Work task -> Exactly as they appear below, repeat the lines from the one with "Montpelier Plantation Inn Nevis" through the one with "تعيين العقيد الركن". Drop every picture.

Provided data ->
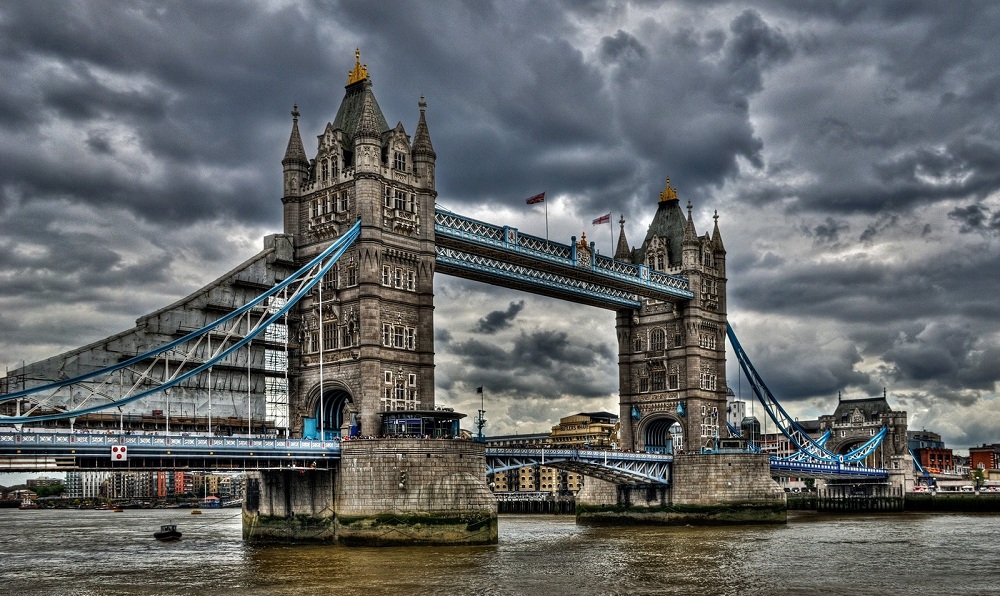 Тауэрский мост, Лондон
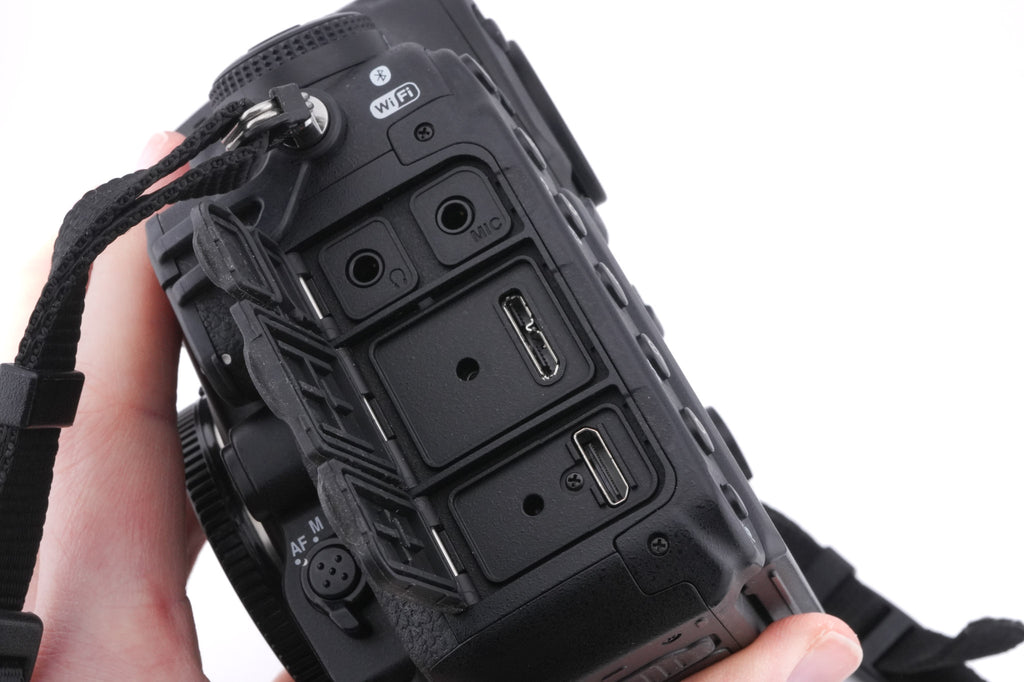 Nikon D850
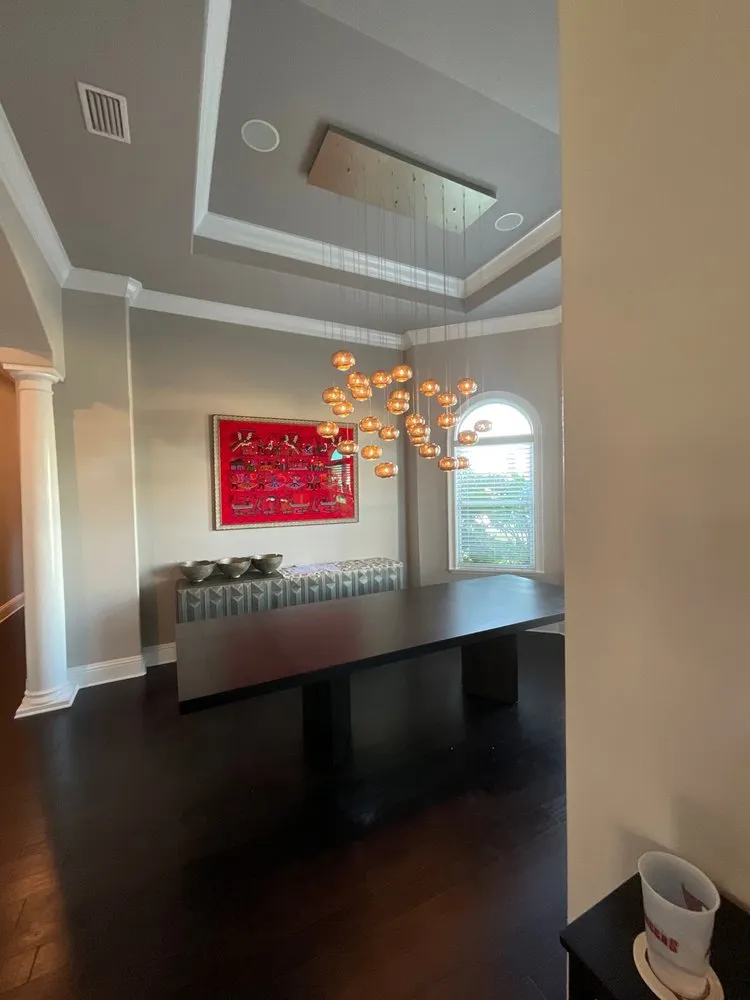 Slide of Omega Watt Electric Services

--

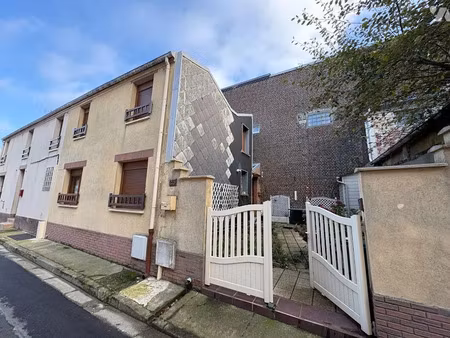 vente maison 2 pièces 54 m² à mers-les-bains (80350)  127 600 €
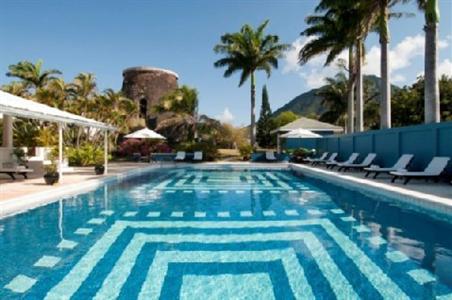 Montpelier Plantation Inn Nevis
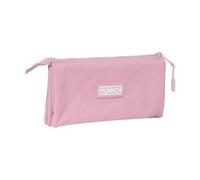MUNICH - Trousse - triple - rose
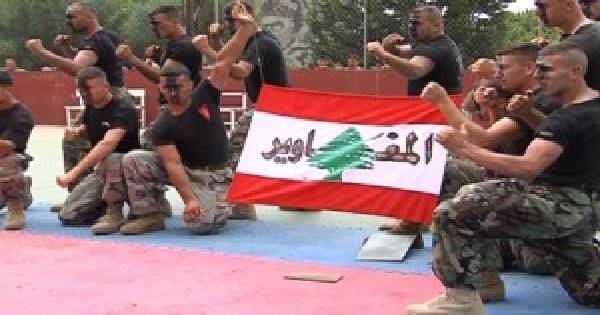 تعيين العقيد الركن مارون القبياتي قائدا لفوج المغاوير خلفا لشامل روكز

---

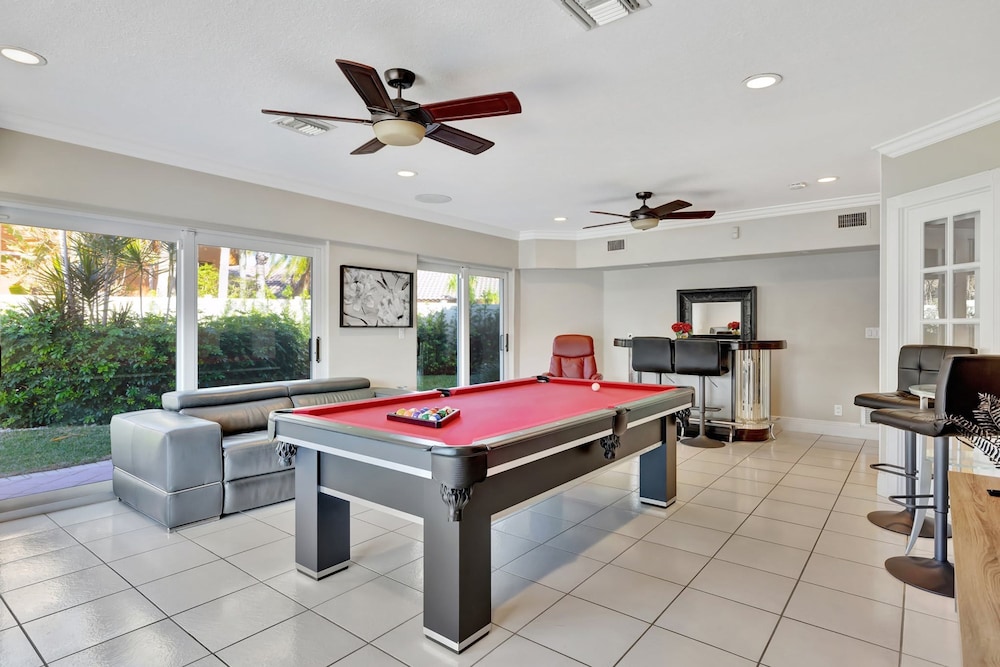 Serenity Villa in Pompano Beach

Response below ->
 Montpelier Plantation Inn Nevis
MUNICH - Trousse - triple - rose
 تعيين العقيد الركن مارون القبياتي قائدا لفوج المغاوير خلفا لشامل روكز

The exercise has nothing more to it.